Per più di un anno il poeta abruzzese ed eroe di guerra capeggiò una sedizione nata in ambito militare, ma che seppe raccogliere sulle rive del Carnaro significative adesioni anche da parte di intellettuali, artisti, politici e sindacalisti non solo italiani. Partito sventolando la bandiera della “vittoria mutilata”, che privava l’Italia soprattutto in Dalmazia di quanto le spettava, il Vate si pose nettamente in contrasto con quanto si andava deliberando a Parigi in seno alla Conferenza della Pace, mettendo in serio imbarazzo pure il Governo italiano.

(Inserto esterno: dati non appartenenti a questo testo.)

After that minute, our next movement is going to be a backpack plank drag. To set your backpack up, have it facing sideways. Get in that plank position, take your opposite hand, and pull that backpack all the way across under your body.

Fu D'Annunzio a dimostrare la possibilità, grazie alla connivenza dell'esercito, di marciare senza colpo ferire su Fiume: Mussolini trasformerà questa marcia fiumana in marcia su Roma; fu sempre D'Annunzio ad iniziare il rituale dei discorsi dal balconecon saluto romano ed il grido di "eia, eia, alalà": Mussolini trasferì questi metodi giore di peso nella nuova gestione del potere e nella manipolazione delle masse; fu sempre D'Annunzio ad evocare i martiri coi simboli e rituali quasi religiosi; per D'Annunzio era la bandiera del Randaccio, per i fascisti sarà l'evocazione mistico-religiosa dei loro "martiri". Ed anche il dialogo con la folla, già iniziato da Orlando, fu perfezionato sino a diventare coro drammatico, quasi rappresentazione da tragedia greca, con conseguenti emozioni e forme di isterismo collettivi. Infine fu sempre D'Annunzio ad inaugurare la prassi dei plebisciti (probabilmente addomesticati), prassi ripresa dal fascismo e poi dal nazismo. In sostanza l'impresa fiumana fece scuola, ed insegnò, a chi volle imparare, come potesse essere semplice impadronirsi del potere, abbattendo uno stato debole e smidollato, senza alcuna capacità di reagire adeguatamente alla minaccia portata alla sua Costituzione. Ovviamente la prima reazione da parte degli Alleati fu quella di ritenere che il governo di Roma fosse d'accordo con D'Annunzio, e che di conseguenza la marcia su Fiume fosse stata tutta una messa in scena. Tuttavia man mano che giunsero precise informazioni da parte degli organi diplomatici accreditati in Italia, tutti si resero conto che, per quanto potesse sembrare poco credibile, il governo italiano era del tutto estraneo al pronunciamento dannunziano.